Work instruction: Give back all the data exactly, line by line.

Information provided:
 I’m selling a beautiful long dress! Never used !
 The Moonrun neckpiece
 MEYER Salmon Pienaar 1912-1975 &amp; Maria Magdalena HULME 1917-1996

Task response:
 I’m selling a beautiful long dress! Never used !
 The Moonrun neckpiece
 MEYER Salmon Pienaar 1912-1975 &amp; Maria Magdalena HULME 1917-1996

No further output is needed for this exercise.